The map flew into the air and soared into Moody’s hand.
“My mistake,” he said calmly, “It’s mine, I must have dropped it earlier.”
“I think I will go back to bed,” Snape said.
“Best idea you’ve had all night,” Moody replied, “Now, Filch, if you’ll just give me that egg.”
“No!” Filch cried, clutching the egg tightly, “This egg is evidence of Peeves’ treachery!”
“It’s property of the champion he stole it from,” Moody said, “Hand it over.”
Snape swept downstairs without another word. Filch begrudgingly handed Moody the egg, then sulked off to his office.
“Close shave, Potter,” Moody muttered after Filch and Snape left. “What is this thing?”
“A map of Hogwarts,” Harry said, hoping Moody would pull him out of the staircase.
“Merlin’s beard,” Moody whispered, staring at the map. “This is some map, Potter!”
“Yeah, it’s quite useful,” Harry said, “Er, Professor Moody, d’you think you could help me?”
“What? Oh, Yes, of course.”
Moody took hold of Harry's arms and pulled; he was finally free of the trick step.
“Potter,” he said, “You didn’t happen to see who broke into Snape’s office, did you?”
“Er, yeah,” Harry admitted, “It was Mister Crouch.”
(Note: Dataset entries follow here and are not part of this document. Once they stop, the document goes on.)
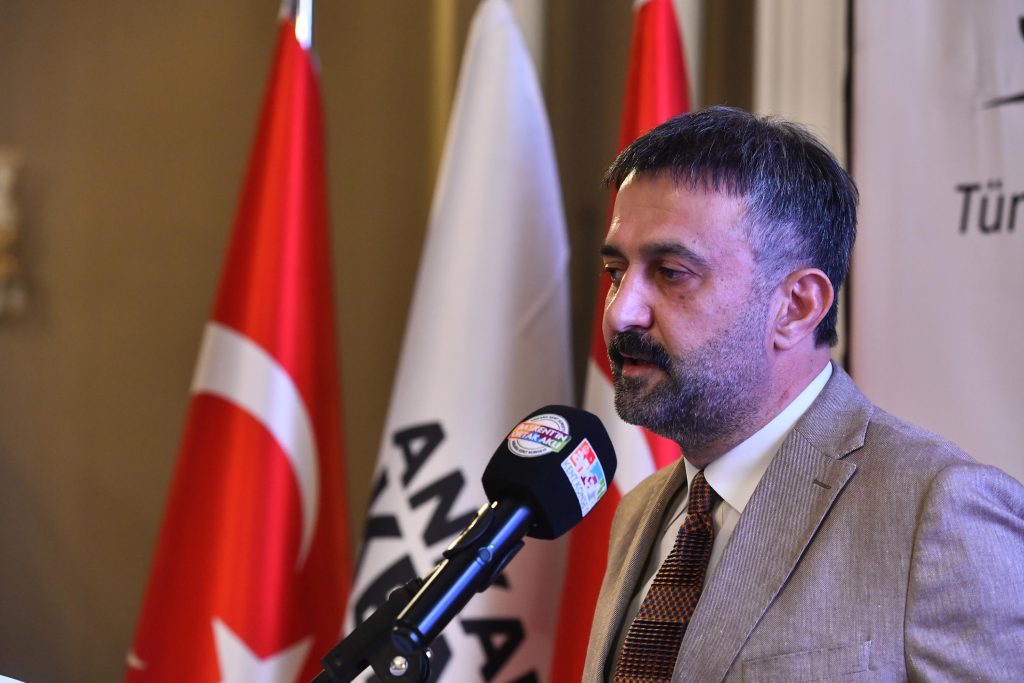 Demokrasi, Kentleşme ve Siyaset — fotoğraf 28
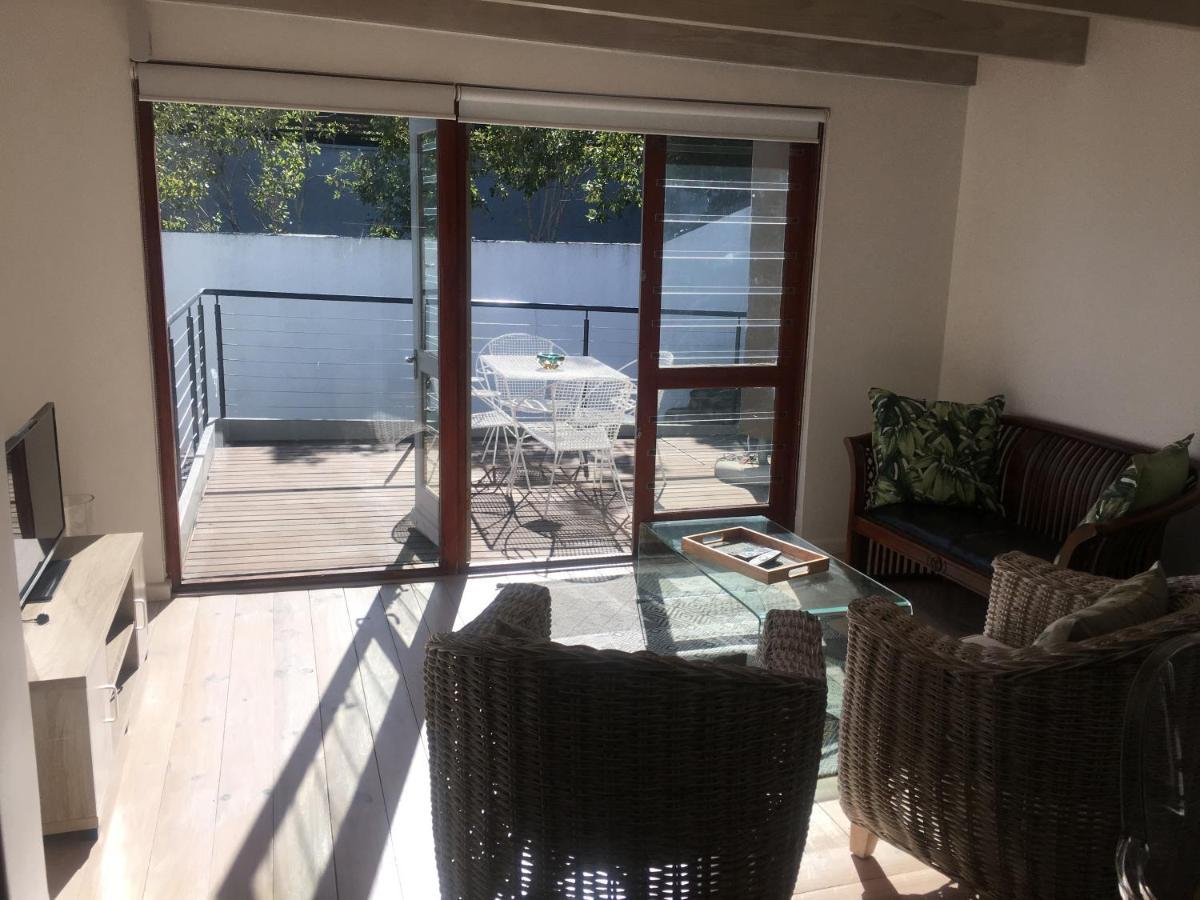 Lejlighed i Camps Bay på 270 m². Soveværelser: 2. Private badeværelser: 2. Kapstaden Eksteriør billede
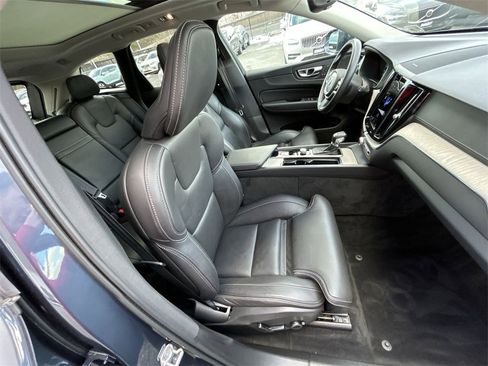 Certified 2021 Volvo XC60 T5 Inscription image 25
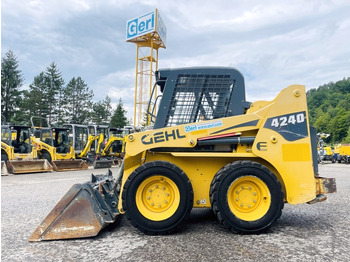 Skid steer loader GEHL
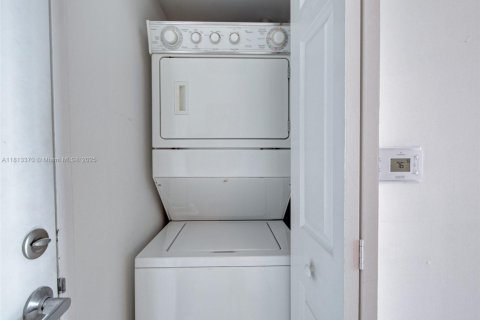 Condominio en venta en Miami, Florida, 1 dormitorio, 69.86 m2 № 1961117 - foto 6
“Crouch? Are you sure, Potter?”
“Positive.”
“Can I ask you something else, Potter?” Moody said, Harry’s mind jumped to the conclusion of him asking where he had gotten the map, an answer that would incriminate himself, Fred, George, his father, and Professor Lupin.
“Can I borrow this?”
“Oh!” Harry said. He was very fond of his map, but on the other hand, Moody had saved him from a lot of trouble. “Yeah, okay.”
“Potter? Have you ever thought about a career as an Auror?” Moody asked.
“No,” Harry admitted. He had never really thought about what he planned on doing after Hogwarts, he was typically too busy trying to survive to the end of the term to focus on his future.
“Might want to consider it,” Moody said.
Harry couldn’t believe it! Moody thought he, Harry Potter, ought to be an Auror! But maybe Harry should check to see how scarred the rest of the Aurors were before he made a decision.